Vouyah m’utilisait toutes les fois qu’il avait besoin de moi et me ramenait au village pour m’y abandonner quand je n’étais plus utile. Ainsi, se comportait-il avec moi. Cette fois-ci, le 7 février au soir, lorsqu’il est venu me prendre, alors que j’étais dans le champ, j’ai refusé de partir avec lui. Alors, il a embarqué mes enfants dans sa voiture. Le lendemain mon frère Mbareck Ould Mahmoud s’est adressé à des éléments de SOS-Esclaves qui sont venus me voir et m’ont conduite à la mairie de Aïn Ehl Taya le 9 février ; le maire informa le Hakem de la Moughataa d’Atar.

Ce dernier ordonne à la commune de m’envoyer à la gendarmerie de Rass Tarf. Arrivée, le chef de brigade dénommé Ahmeda Ould Hamdinou vint me voir et renvoya les éléments de SOS-Esclaves qui m’accompagnaient. Il me demanda ce que je voulais ; je lui répondis que je voulais mes enfants et mes têtes de caprin. Il m’objecta : Vouyah est notre supérieur et nous ne pouvons rien. Il me redemanda ce que je cherchais, je lui ai répondu que je voulais avoir mes enfants et me proposa d’aller chez Vouyah pour le supplier car, tu es de la tribu des Oulad Ghaylane qui sont ses oncles. S’il répond favorablement, c’est bien sinon, reviens nous voir…Nous interviendrons. J’ai répondu ne pas oser venir le voir parce que je crains qu’il me tue par balles. Le gendarme me proposa une voiture pour me ramener au village. J’ai refusé d’y retourner de crainte que Vouyah ne passe me voir, préférant descendre à Ain Ehl Taya. Finalement, l’on me conduisit à Atar où le chef de la gendarmerie accompagné de Vouyah apportèrent mes enfants. Le chef me demanda ce que je voulais au juste. J’ai répondu que je veux reprendre mes enfants et mes animaux.

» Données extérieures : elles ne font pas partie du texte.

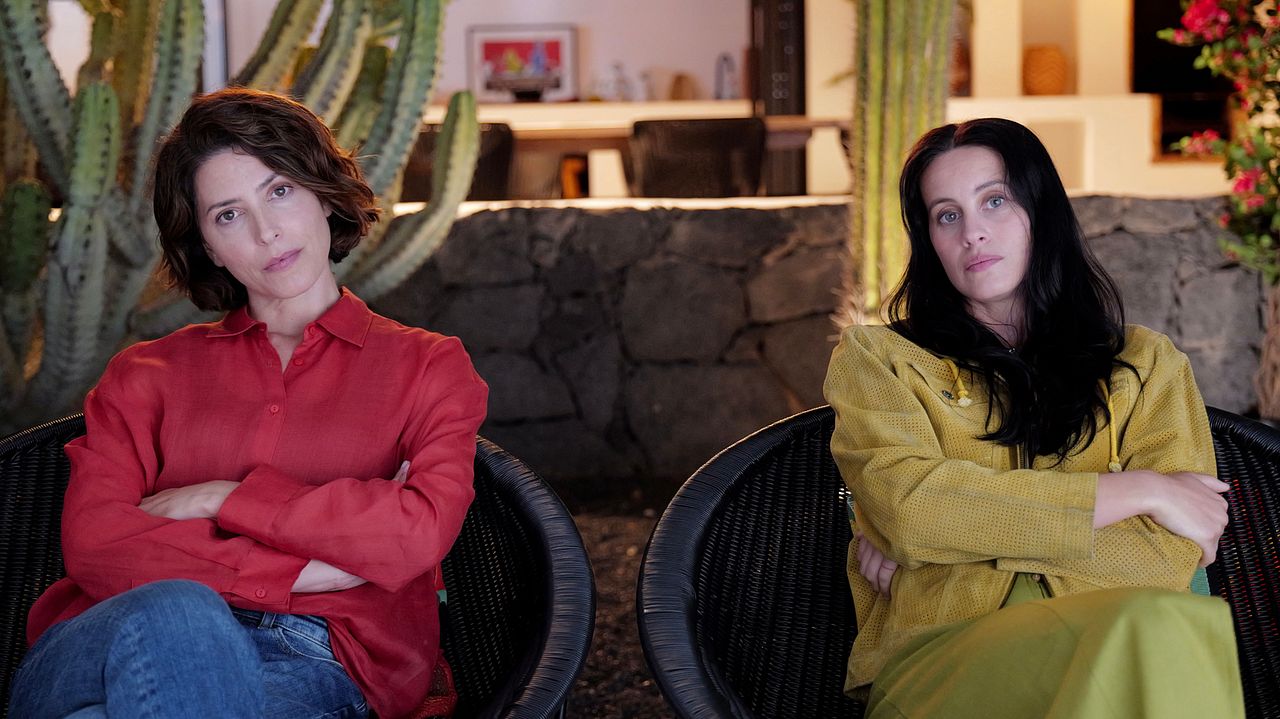 Amarga Navidad : Foto Milena Smit, Bárbara Lennie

Les enfants se trouvaient dans la voiture de Vouyah mais ont été empêchés par celui-ci de nous saluer, mon frère et moi. C’est le chef de la gendarmerie qui va me les emmener avant que l’on nous embarque, cependant sans ma fille Selek’ha que Vouyah a emportée, dans son véhicule. La gendarmerie nous débarquera à Aïn Ehl Taya où je suis restée jusqu’à l’arrivée de mon frère Mbareck Ould Mahmoud avec lequel je suis partie à Nouakchott.

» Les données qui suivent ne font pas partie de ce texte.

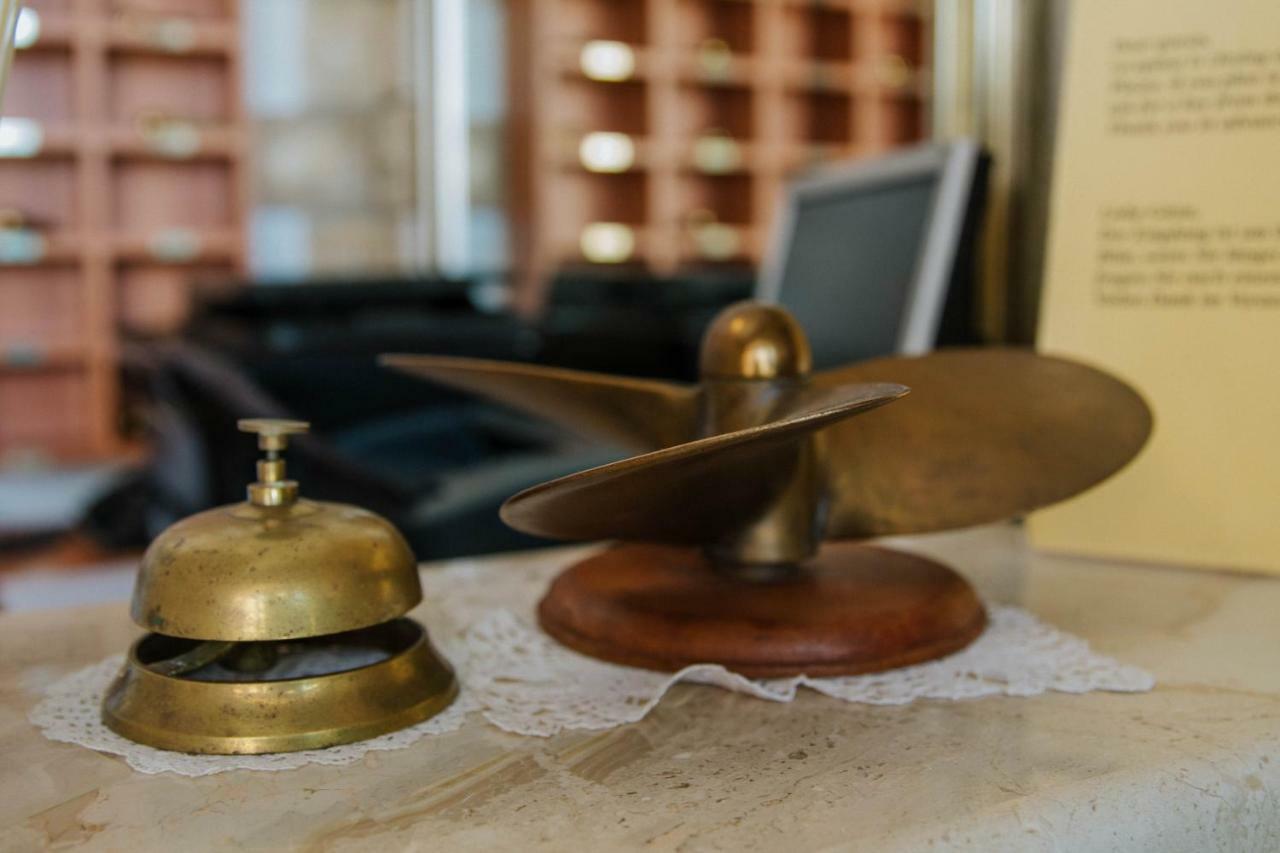 Hotel Vila Tina Arbanija Εξωτερικό φωτογραφία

Je suis venue à Nouakchott le 15 février pour réclamer mes droits. L’on m’a informée que ma fille Selek’ha s’était mariée sans que je le sache. Ce mariage est pour moi nul et non avenu pour plusieurs raisons : d’abord, parce qu’il s’est fait sans tuteur légal ; ensuite, la fille est encore mineure, enfin, j’ai le droit de connaître son mari et c’est à moi de l’accepter ou non.

Cette union a eu lieu, comme je l’ai déjà signalé, pour couvrir les agissements de Vouyah Ould Maayouf. C’est un mariage forcé, contracté sous les agissements et conformément aux intérêts de Vouyah Ould Maayouf et son intimidation. Aujourd’hui, je dépose une plainte contre Mohamed Ould Abdallahi Ould Boulemsak d’abord et réclame les dédommagements de tous mes jours passés, dans sa famille en servitude, depuis mon enfance.

Je me plains également de Vouyah Ould Maayouf et cherche compensation pour mes enfants et moi, tout au long de deux années et demie d’exploitation, sous la contrainte sans aucune rémunération. Je cherche aussi à récupérer mes têtes d’animaux et ma fille qui sont toujours en sa possession.

Je demande à tous les mauritaniens et aux bonnes personnes sur cette terre de me soutenir. Je veux seulement ma part de justice et pouvoir vivre avec mes enfants, en toute liberté, à la sueur de mon front.

Cette affaire n’a jamais connu de suite à ce jour du 27 août 2016.